Earps after saving a penalty in the 2023 Women’s World Cup final on 20 August 2023, Sydney, Australia. (Keith McInnes/SPP)
Mary Earps has reflected on the major talking points of the 2023 Women’s World Cup in the latest extract of her new autobiography serialised in the Guardian.
Describing her penalty save in the final against Spain, she said that it caught the attention of non-football fans: “Even people who weren’t into football were excited by the display, praising the execution, the composure and the swearing that followed.”
She added: “[T]he way the save, or a goalkeeper for that matter, was being talked about was on a scale that was unprecedented in the women’s game.”
Earps wrote that the extent of this reaction surprised her because by this point she was 30 and had “been doing the same thing [her] whole career, the same repetition, same consistency, same composure, with barely anyone noticing until a year earlier.”
And she also gave an insight into her response to the decision from Nike to not sell replica Lionesses goalkeeper shirts, which had led to a big media response as well as online petitions.
She wrote: “I had been unafraid and unapologetic in using my voice, and I’d backed it up with performances that demanded visibility too. It resonated.”
She notes that Nike decided to “U-turn” after the final bearing in mind the amount of public reaction to the tournament.
“[W]hen my shirts began to go on sale a few weeks later, they sold out with each restock,” she added. “I had taken on a global sports giant and won, entirely from a place of choosing my principles.”

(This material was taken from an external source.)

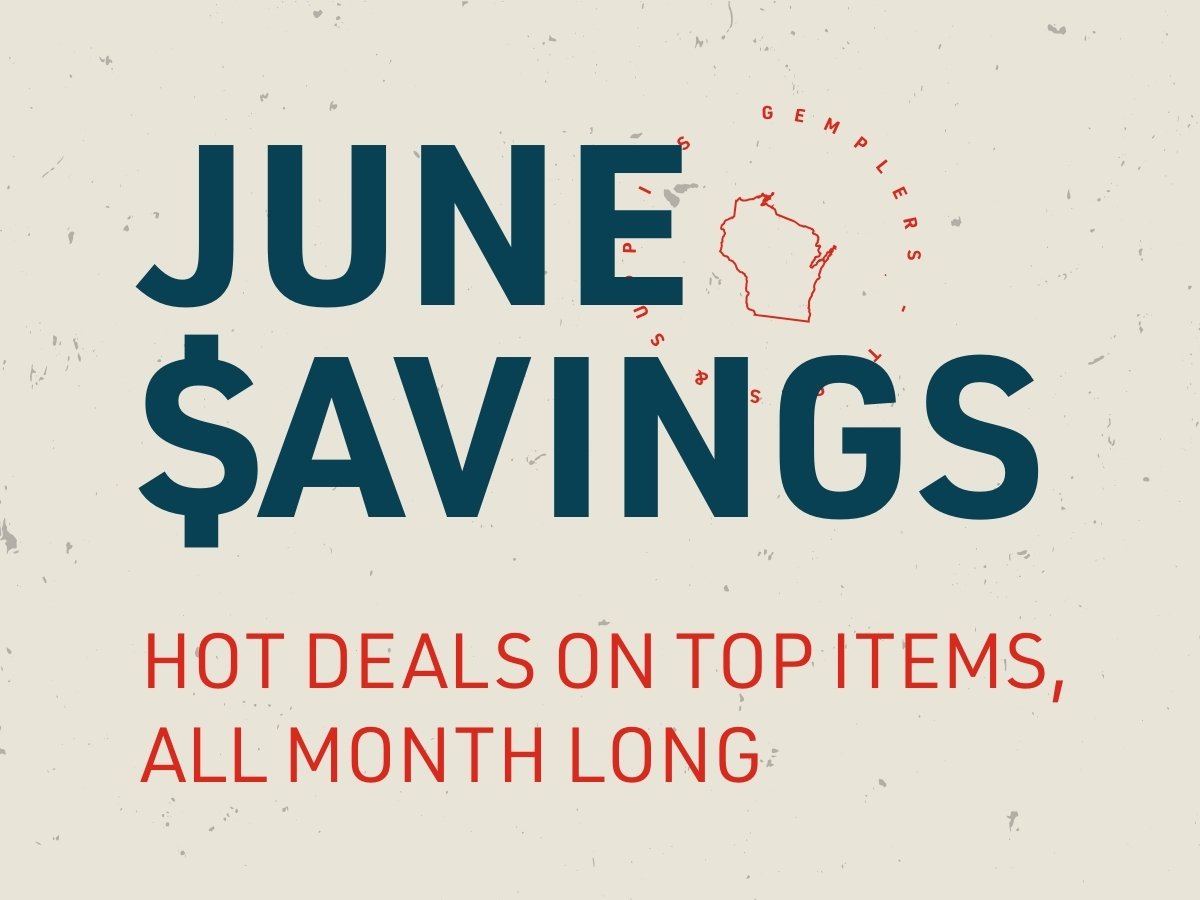 June Savings. Great savings on top items all month long.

Earps had previously reflected to the media shortly after this happened: “They know that they got this wrong and that’s why they’ve done this correction. A big company like Nike, they wouldn’t do that if they didn’t know it wasn’t right and that there was an injustice there.”
She won the 2023 BBC Sports Personality of the Year Award following her performances at the Women’s World Cup and her rise to public attention.
Mary Earps’ autobiography ‘All In’ is released this week and is currently being serialised in the Guardian.
A previous extract recounted Earps’ memories of the events leading up to her international retirement ahead of the 2025 Women’s Euros, in which she criticised successor Hannah Hampton’s behaviour and England boss Sarina Wiegman’s decision to recall her.